Action item
Once the line holding "Easily Distracted By" is found in the entries below, transcribe exactly every line up to and including the one holding "TOCT6690 ユニバーサルミュージ /00130", but leave out the pictures.

Records supplied
+ + +

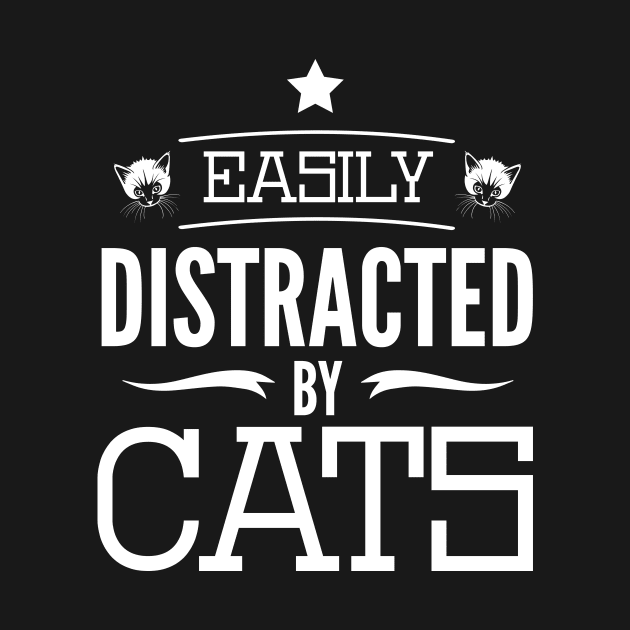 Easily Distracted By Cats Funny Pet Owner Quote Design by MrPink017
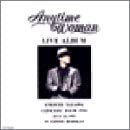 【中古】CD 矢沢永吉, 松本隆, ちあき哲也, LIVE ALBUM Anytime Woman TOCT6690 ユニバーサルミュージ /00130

+ + +

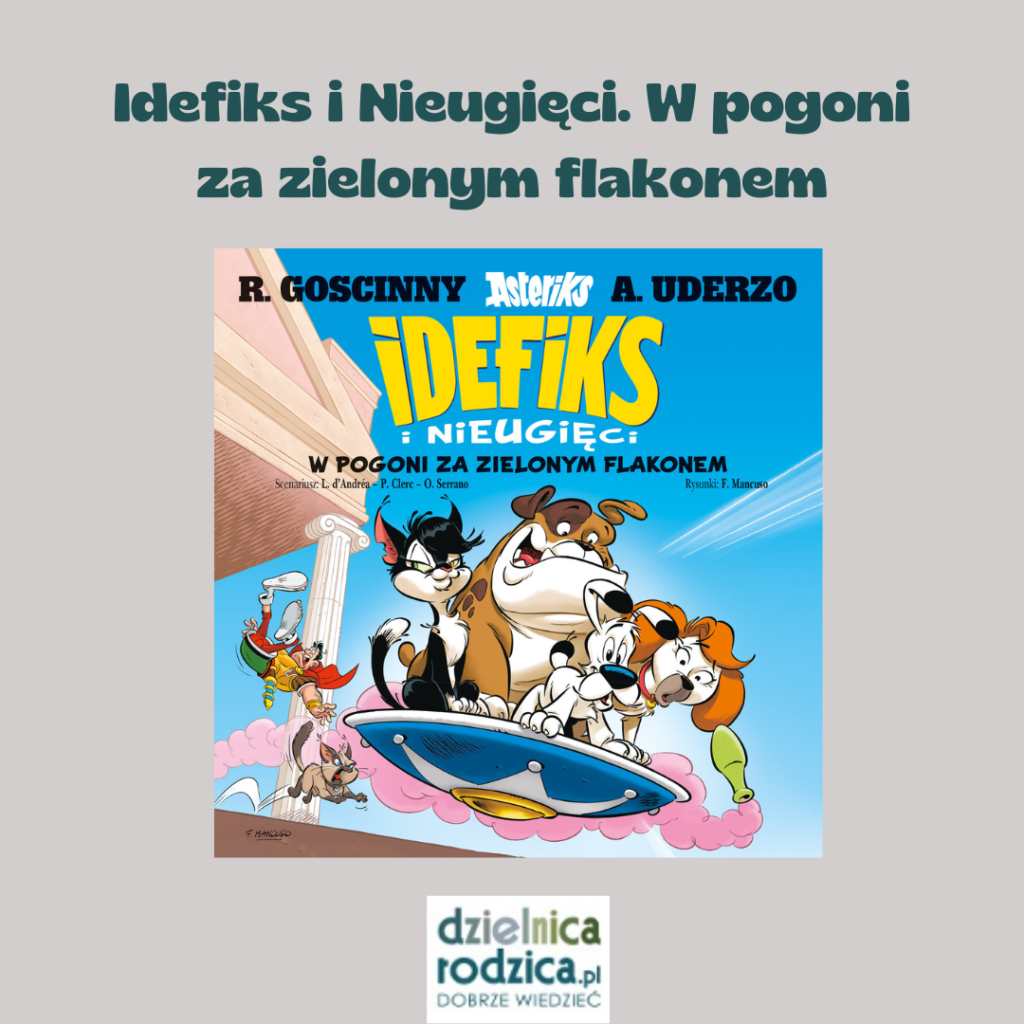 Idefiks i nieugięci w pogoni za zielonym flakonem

+ + +

Response
 Easily Distracted By Cats Funny Pet Owner Quote Design by MrPink017
 【中古】CD 矢沢永吉, 松本隆, ちあき哲也, LIVE ALBUM Anytime Woman TOCT6690 ユニバーサルミュージ /00130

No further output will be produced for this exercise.